3. Name this data source.

4. From the Source Storage dropdown, select the Amazon S3 over SQS connection to read from (or create a new one).

5. (Optional) Enter in the prefix that is used to determine whether to create a notification on the event that was published to the S3 bucket.

Amazon S3 allows notifications on buckets using a prefix and suffix.

Any new file in the S3 bucket should only trigger one notification.

The prefix/suffix combination must uniquely identify files.

You cannot specify a prefix/suffix combination in a different data source that would conflict (e.g. given the same suffix, if you specify abc as a prefix in this data source, you cannot specify abc2 in a different data source as this would not be unique).

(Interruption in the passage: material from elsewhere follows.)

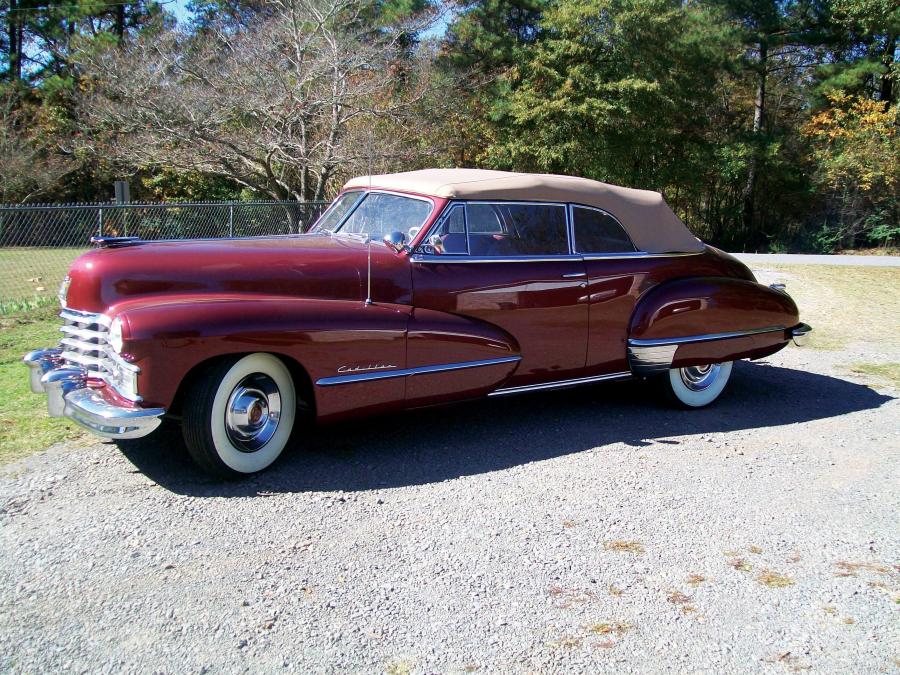  Cadillac Series 62 Convertible Coupe 1947 года  (фото 27 из 32)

6. (Optional) Enter in the suffix that is used to determine whether or not to create a notification on the event that was published to the S3 bucket.

7. Select the content format. This is typically auto-detected, but you can manually select a format.

If necessary, configure the content format options. See: Data formats

8. From the dropdown, select a compute cluster (or create a new one) to run the calculation on.

A may appear. This warning can be ignored for POCs (proof of concept).

For production environments, this indicates that if you run your task retroactively (Start Ingestion From), your compute cluster will process a burst of additional tasks, possibly causing delays in outputs and lookup tables running on this cluster.

To prevent this, go to the Clusters page to edit your cluster and set the Additional Processing Units For Replay to a number greater than 0.

9. Select a target storage connection (or create a new one) where the data read will be stored (output storage).

10. (Optional) Under Start Ingestion From, select the time from which to start ingesting the files. It is important to set this option so that the data is spread out properly over the date range.

Click Show Advanced Options to configure:

  • End Read At

  • KMS Key

Otherwise, skip to step 13.

11. (Optional) Under End Read At, select the time to stop reading the data. This is useful if you want to stop processing a data stream.

12. (Optional) Enter in a KWS key.

13. If enabled, specify a retention period in Upsolver for the data.

After this time period elapses, the data will be deleted forever.

14. Click Continue. A preview of the data will appear.

15. For CSV, select a Header.

16. Click Continue again.

Parsed data samples will appear and you can review the Sample Size, Parsed Successfully, and # of Errors.

17. (Optional) If there are any errors, click Back to change the settings as required.

18. Click Create.

You can now use your S3 Over SQS data source.